Unified Sandbox Architecture (#12505): A comprehensive proposal to move away from a single Node.js process. It suggests a tiered preset system (minimal, standard, strict, paranoid) using platform-native isolation (e.g., bubblewrap on Linux, AppContainer on Windows) to prevent plugin vulnerabilities from compromising the entire system.
Multi-Session Architecture (#48874): A proposal to decouple the LLM layer from isolated session layers and a shared public knowledge base, solving current issues with session isolation and multi-channel routing.

Key Themes

1. The "Silent Failure" Pattern

Across multiple issues, a theme of silent failures emerges. Whether it is cron jobs failing without logs (#13593), subagent wake events being dropped due to unrecognized error patterns (#78581), or Telegram group forum replies being silently skipped (#79062), the system often fails to notify the operator when a background process dies.

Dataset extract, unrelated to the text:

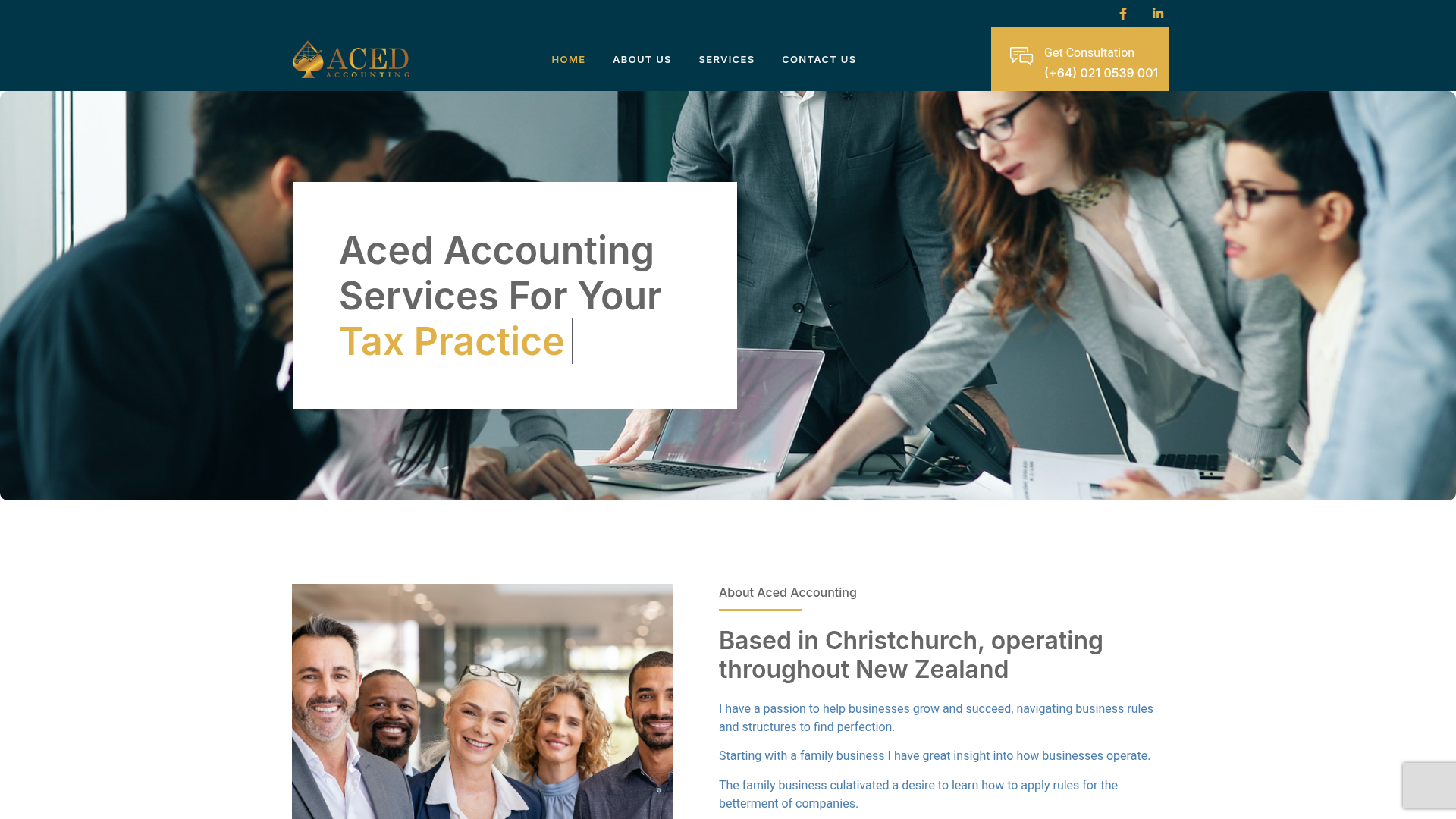 Website snapshot for ACED Accounting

2. SecretRef Resolution Gaps

There is a recurring pattern of SecretRef resolution failing in specific code paths. While secrets audit may report success, the actual runtime often fails to resolve these references in channel startup paths (Discord #79073) or inbound message handlers (Telegram #79060).

3. Tool Execution Risks

The exec tool remains a primary source of instability. From event-loop starvation (#78402) to agents fabricating successful output after a "command not found" error (#60497), the lack of strict isolation and validation for shell execution is a recurring pain point.

Action Required

High Priority / Blocked

Event-Loop Guarding: Immediate attention is needed to prevent exec tool calls from blocking the main Node.js event loop. Implementing a watchdog or forcing async execution is critical to prevent total gateway collapse.
Provider Fixes: The FallbackSummaryError in subagent announcements (#78581) and the Gemini streaming error body loss (#78180) are high-impact bugs that hinder production debuggability.
Security Hardening: The trusted-proxy auth mode bypass via local password fallback (#78684) is a critical security footgun that needs immediate remediation.

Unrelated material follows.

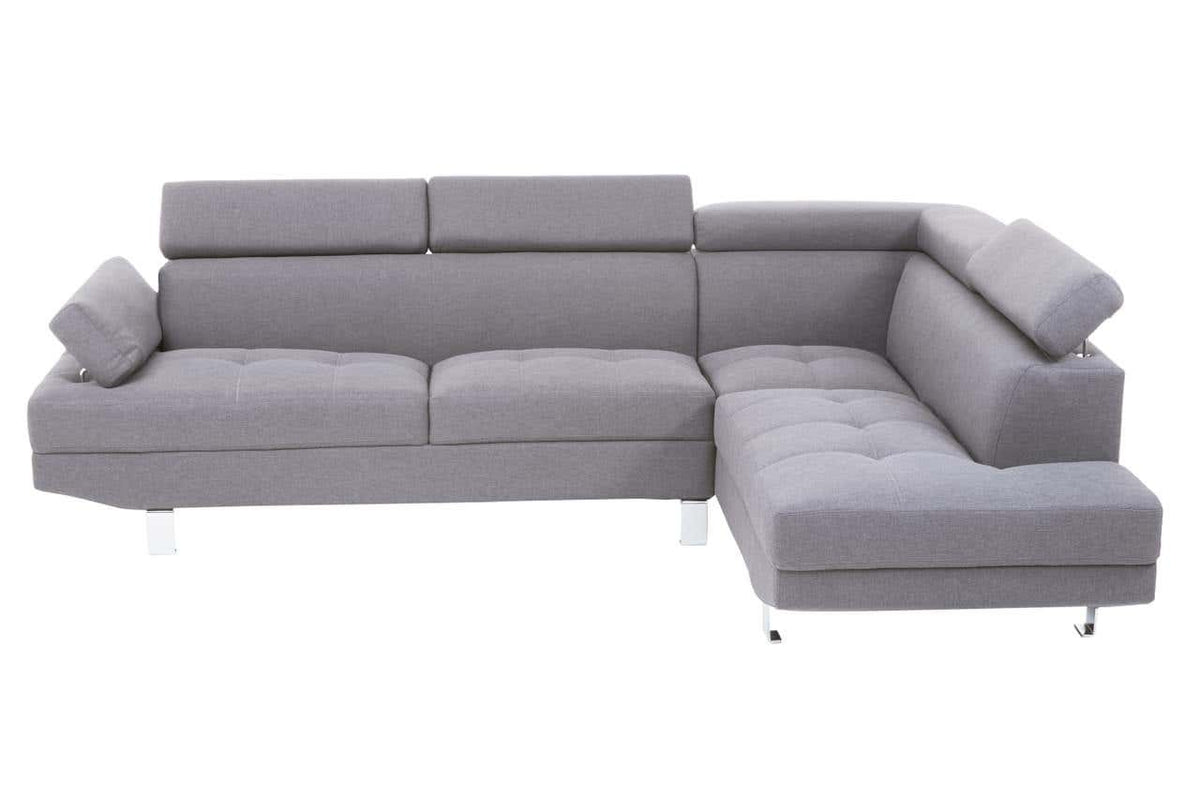 Hanover Grey Linen Corner Sofa.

Contributor Attention Needed

Installation Fixes: Multiple reports of installation failures on macOS (#79048) and Ubuntu (#72382) suggest the install script needs better dependency handling and path validation.
CLI Consistency: The gateway probe and gateway health commands exhibit inconsistent behavior regarding port flags and reachability reporting on Windows (#79100, #79099).
Voice-Call Stability: The Twilio stale-call reaper is prematurely ending active conversations (#79121), and Telnyx inbound calls are failing to trigger auto-responses (#79118).